Wednesday, April 19, 2023

Portrait of the Penis as an Erection: A guest post by Tantrika au Naturale

On a recent visit to the Vietnamese Museum of Ethnology, in HaNoi, I encountered these priapic guys. 


What is more startling than their erections is that the figures are part of a “tomb house” built over the graves of “up to thirty people” to be intentionally abandoned after completion of the burial rituals. This particular tomb house was built in 1998 by five men of the Giarai (or Jarai) Arap minority ethnic group in their south-central Vietnam village intentionally for display purposes. It was then disassembled, transported to HaNoi, and reassembled among other ethnic-minority domestic and functional buildings in an open-air architectural garden. 

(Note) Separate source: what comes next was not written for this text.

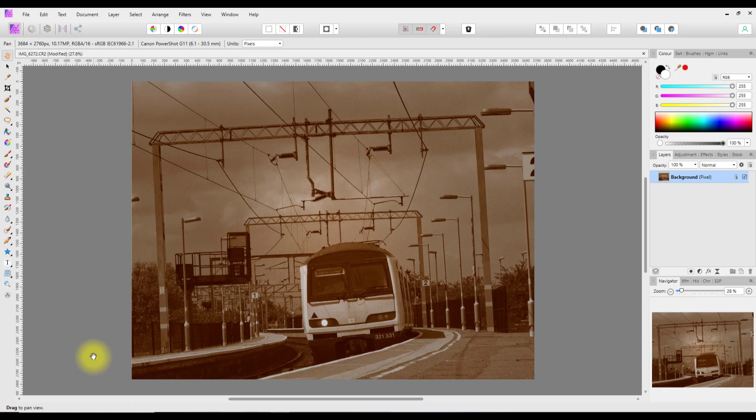The difference is: with macros I can make them, save them, and pass them on to other people. Presets can only be used within the Affinity Photo installation on your computer — you can't save them and pass them on. So in that respect macros are better.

There are 27 three-dimensional figures mounted on the fence surrounding the “house”: most are sexually mature male and female (some of whom are very visibly pregnant) pairs,  along with a couple of child and animal figures. There is one solo man who is clearly masturbating.

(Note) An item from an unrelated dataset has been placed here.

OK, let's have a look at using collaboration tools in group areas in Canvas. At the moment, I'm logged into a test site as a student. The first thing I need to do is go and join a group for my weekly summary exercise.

The tomb house is designed to be beautiful to appease the spirits of the dead so that they do not become angry and trouble even harm the living; the overt sexuality of the figures is to ensure fertility and births.

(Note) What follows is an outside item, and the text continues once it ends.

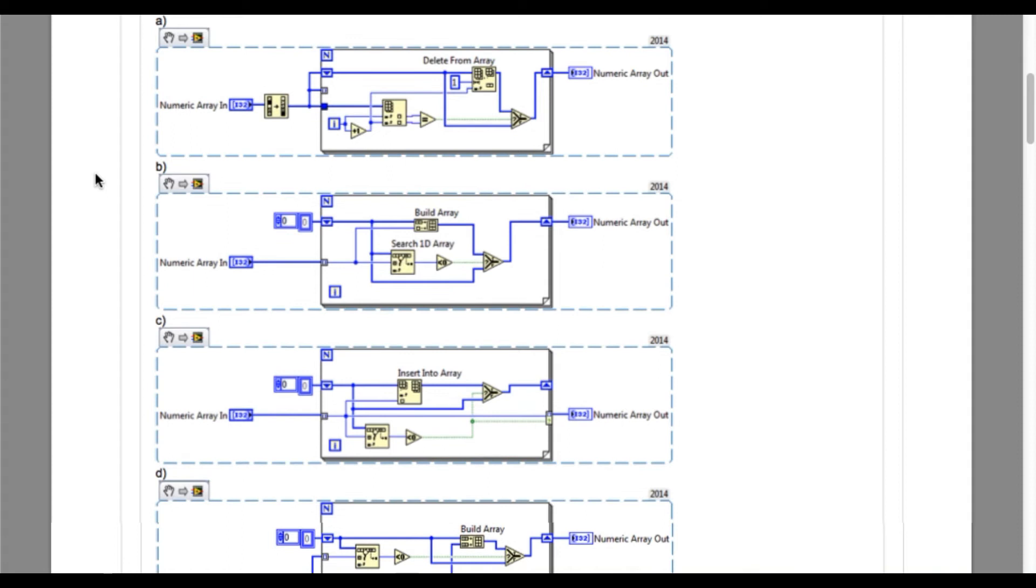So the requirement of this problem is to remove all the duplicate values. So let us start. Let's start from option A.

While it's a little startling at first to see erections portrayed in public space that are not graffiti, during my visits to Asia I've noticed two- and three-dimensional portrayals of the erect human penis in the open for all to see in a number of different countries and cultures: India, Thailand, Cambodia and Bhutan, in addition to Vietnam. The purported intents for these turgid penises include fertility, pacification of potentially dangerous spirits, warding off the evil eye, and worship of Shiva.


  Bali   
 
 Bhutan

 Cambodia

 India

 Thailand

Whereas in contemporary Western cultures, the erect penis is usually only seen in public spaces as graffiti, that was not the case in Classical Greece or Rome. Artists then portrayed both flaccid and erect penises as features of naked men engaged in athletic, military, mythological or straightforwardly erotic activities, as protective amulets, as signifiers of lust, or as pornography. While a few late 19th- and 20th-century artists have portrayed themselves masturbating, erect penises are few and far between in Western art. 


So when confronted with portrayal of a full or exaggerated erection, I ask myself: what did it signify to the creator? To its intended audience? And what does it now signify to me?